A few days ago, I ordered a bunch of things from simple shot: 
20 feet of small tubing
10 feet of medium tubing
3 sets of flipclips
3 pairs of die-cut latex
A Haresplitter lite
A hoodie

I am really pleased with the quality of everything! Nathan's products are surely second to none and have been consistently awesome for me order after order. 
The Haresplitter is no doubt the highlight of the package. It shoots great and feels nice in the hand.
It is a lot smaller than I thought, but this makes it compact and easy to carry around.
The hoodie.......FLIPPINOUT SLINGSHOTS!
Thank you so much Mr. Masters!


----------



## NaturalFork (Jan 21, 2010)

I agree. Simple Shot is awesome. My go to for slingshot needs.


----------



## hashbrown (Mar 10, 2014)

The slingshot came with big latex flats. it had a heavy pull that was too much for my light ammo shooting needs.

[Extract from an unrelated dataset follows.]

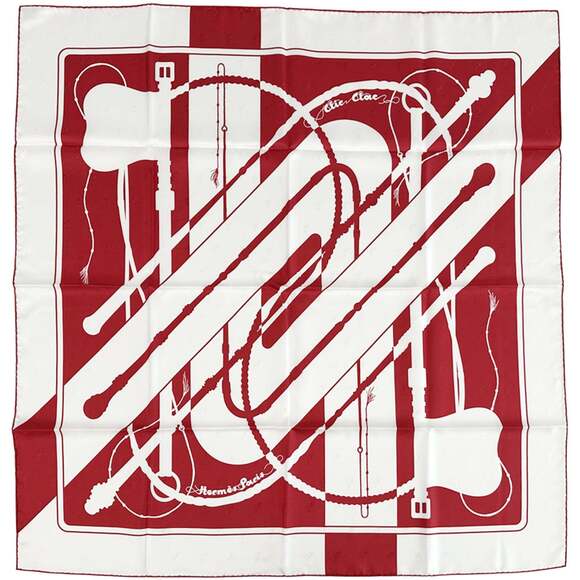 HERMES Red Silk Scarf - Picture 1 of 7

i switched to TBG and it is the best for small marbles and 3/8 steel.


----------



## leon13 (Oct 4, 2012)

nice thanks for the show off

cheers


----------



## BooBoo (Mar 17, 2014)

I have had my eye on a haresplitter. Have ordered from Simpleshot as well and they really were easy to deal with and products were top shelf. I'm fairly new getting back into slingshots but like the traditional archery crowd, seems to be a pretty fine group of folks. A bad apple in this slingshot business probably wouldn't last. Something tells me this crowd wouldn't tolerate it. The couple of vendors I've done business with have been great.


----------



## Mr.Teh (Feb 28, 2012)

Very nice material, have a good shot !


----------



## hashbrown (Mar 10, 2014)

thanks guys!

@ BooBoo

Don't hesitate to buy this slingshot. it is totally worth the money. solid, strong, accurate, lasts forever.


----------



## D.Nelson (Feb 20, 2014)

Every part of that package is top notch. The Haresplitter is fantastic, top shelf indeed. The bands and tubing are all precision. The Flipclips are incredibly innovative, and the hoodie is downright slick.

Awesome haul sir!


----------



## filipino_saltik (Oct 7, 2011)

that will keep you shooting for a long time. btw i have sent you a pm your profile said that we are in the same part of the world maybe we can shoot sometime


----------